On November 19, 2018, the Paris-based bank Société Générale SA announced that it has agreed to pay a total of $1.34 billion in penalties as part of its settlement with federal and state authorities to resolve U.S. sanctions violations involving Cuba, Iran, and Sudan. That amount is the second largest penalty ever imposed on a financial institution for U.S. economic sanctions violations. This settlement demonstrates a level of cooperation that is becoming increasingly common in large-scale investigations. Pursuant to this settlement, Société Générale entered into agreements with the New York State Department of Financial Services (DFS), the Federal Reserve, the Office of Foreign Assets Control, the U.S. Attorney’s Office for the Southern District of New York (SDNY), and the Manhattan District Attorney’s Office.
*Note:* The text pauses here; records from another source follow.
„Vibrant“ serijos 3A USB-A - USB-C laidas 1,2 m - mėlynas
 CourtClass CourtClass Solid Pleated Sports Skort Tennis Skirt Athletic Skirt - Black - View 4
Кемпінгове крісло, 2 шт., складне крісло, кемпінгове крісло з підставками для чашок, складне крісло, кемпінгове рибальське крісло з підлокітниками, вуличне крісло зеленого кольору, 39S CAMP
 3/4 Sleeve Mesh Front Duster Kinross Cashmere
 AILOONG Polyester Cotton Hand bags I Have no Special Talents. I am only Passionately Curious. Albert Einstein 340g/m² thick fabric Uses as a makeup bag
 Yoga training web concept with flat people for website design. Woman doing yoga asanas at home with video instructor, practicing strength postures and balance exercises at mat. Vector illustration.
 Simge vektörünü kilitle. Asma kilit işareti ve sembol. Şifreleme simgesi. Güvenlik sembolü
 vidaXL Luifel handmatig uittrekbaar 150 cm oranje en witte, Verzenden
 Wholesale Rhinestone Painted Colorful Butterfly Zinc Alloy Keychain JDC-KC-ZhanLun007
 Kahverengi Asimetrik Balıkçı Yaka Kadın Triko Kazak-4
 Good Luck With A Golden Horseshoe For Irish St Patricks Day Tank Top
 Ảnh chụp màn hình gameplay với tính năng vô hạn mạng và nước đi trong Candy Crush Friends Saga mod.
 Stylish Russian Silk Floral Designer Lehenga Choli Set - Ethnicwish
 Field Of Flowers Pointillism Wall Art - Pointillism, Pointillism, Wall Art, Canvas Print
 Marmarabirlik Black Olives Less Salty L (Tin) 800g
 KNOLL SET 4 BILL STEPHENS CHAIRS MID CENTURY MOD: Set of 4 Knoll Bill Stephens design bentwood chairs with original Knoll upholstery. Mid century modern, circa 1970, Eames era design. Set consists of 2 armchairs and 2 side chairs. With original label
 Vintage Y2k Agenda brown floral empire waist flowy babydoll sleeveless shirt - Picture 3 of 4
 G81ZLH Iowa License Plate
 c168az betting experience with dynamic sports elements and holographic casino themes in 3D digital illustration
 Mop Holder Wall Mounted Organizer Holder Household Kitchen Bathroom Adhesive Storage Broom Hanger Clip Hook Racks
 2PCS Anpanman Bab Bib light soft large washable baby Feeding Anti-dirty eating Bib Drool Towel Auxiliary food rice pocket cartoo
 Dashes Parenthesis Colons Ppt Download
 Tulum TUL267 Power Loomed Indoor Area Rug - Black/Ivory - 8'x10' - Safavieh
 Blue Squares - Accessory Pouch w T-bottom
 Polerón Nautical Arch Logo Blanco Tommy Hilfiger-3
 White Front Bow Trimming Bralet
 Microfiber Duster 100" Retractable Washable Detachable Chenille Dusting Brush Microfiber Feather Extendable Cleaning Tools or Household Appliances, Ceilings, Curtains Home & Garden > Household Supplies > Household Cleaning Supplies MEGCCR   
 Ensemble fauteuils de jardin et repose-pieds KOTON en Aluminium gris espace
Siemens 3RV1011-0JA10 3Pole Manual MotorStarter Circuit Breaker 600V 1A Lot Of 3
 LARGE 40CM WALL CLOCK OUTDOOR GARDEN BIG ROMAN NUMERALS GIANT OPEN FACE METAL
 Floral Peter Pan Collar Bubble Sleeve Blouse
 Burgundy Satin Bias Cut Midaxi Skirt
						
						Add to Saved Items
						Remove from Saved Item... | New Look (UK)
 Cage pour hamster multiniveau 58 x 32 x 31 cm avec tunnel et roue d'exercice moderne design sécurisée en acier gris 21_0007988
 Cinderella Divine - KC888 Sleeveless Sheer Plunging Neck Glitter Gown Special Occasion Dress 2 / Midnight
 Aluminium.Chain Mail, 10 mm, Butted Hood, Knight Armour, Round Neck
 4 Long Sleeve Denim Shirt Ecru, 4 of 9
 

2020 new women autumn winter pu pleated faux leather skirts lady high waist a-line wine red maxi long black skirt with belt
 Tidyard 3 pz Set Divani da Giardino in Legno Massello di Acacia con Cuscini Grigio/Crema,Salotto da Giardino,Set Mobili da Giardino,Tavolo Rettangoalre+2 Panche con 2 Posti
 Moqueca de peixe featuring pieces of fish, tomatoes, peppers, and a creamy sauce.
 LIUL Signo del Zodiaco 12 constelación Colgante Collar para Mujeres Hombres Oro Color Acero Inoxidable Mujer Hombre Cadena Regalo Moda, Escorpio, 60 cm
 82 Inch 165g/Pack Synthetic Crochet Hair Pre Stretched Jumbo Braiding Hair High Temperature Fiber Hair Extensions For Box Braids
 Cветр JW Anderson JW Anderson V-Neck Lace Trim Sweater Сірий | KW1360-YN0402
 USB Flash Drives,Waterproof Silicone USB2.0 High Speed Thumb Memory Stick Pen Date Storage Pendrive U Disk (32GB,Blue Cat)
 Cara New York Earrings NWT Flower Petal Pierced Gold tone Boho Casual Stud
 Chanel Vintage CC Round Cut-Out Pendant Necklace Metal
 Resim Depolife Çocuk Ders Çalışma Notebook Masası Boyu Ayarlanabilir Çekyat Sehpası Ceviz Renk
This settlement is notable, however, for several reasons beyond the significant sum and numerous agencies involved. It highlights the critical importance of a robust and adequately staffed compliance program and underscores the necessity of centralized and detailed policies and procedures.
In a Consent Order related to Société Générale’s sanctions violations, DFS identified deficiencies in the bank’s sanctions compliance program and internal controls. DFS noted that the bank had no centralized sanctions compliance function, and that a group policy mentioned U.S. sanctions regulations only in passing. DFS also found that the bank lacked a global sanctions compliance training program and instead provided only sporadic training.
The importance of a strong compliance program was emphasized in a separate DFS Consent Order that Société Générale also entered into on November 19. That Consent Order related to deficiencies in the New York branch’s Bank Secrecy Act/Anti-Money Laundering (BSA/AML) compliance program, which were previously addressed in a 2009 agreement with the DFS. The DFS Consent Order noted that the bank’s BSA/AML compliance program was effective for four years following the 2009 agreement, but subsequent examinations identified deficiencies, including:
Challenges maintaining a core and stable compliance team and a lack of succession planning. DFS noted that the New York branch failed to fill the Chief Compliance and Bank Secrecy Act position for several months after employee resignations, resulting in a void of key leadership at the branch;
The New York branch’s compliance staff failed to conduct suspicious activity investigations in a timely manner;
The branch lacked a clear and defined methodology for customer risk assessment policies and procedures and did not develop a comprehensive rolling review due diligence program;
The branch’s committee on financial crime and prevention did not meet at scheduled frequencies and failed to always include key committee members when it did meet; and
Audit reports were held by Internal Audit until management of the business that was reviewed had a chance to respond to the report, contrary to “sound practice” that internal audit reports be issued at an appointed time based on written policies and procedures.
The significant penalties levied against Société Générale highlight the importance of not only adequate policies and procedures but also the importance of dedicating sufficient resources to the compliance function so that it operates in an efficient and meaningful way. Further, these sizable penalties underscore the need for continuous evaluations of any compliance program.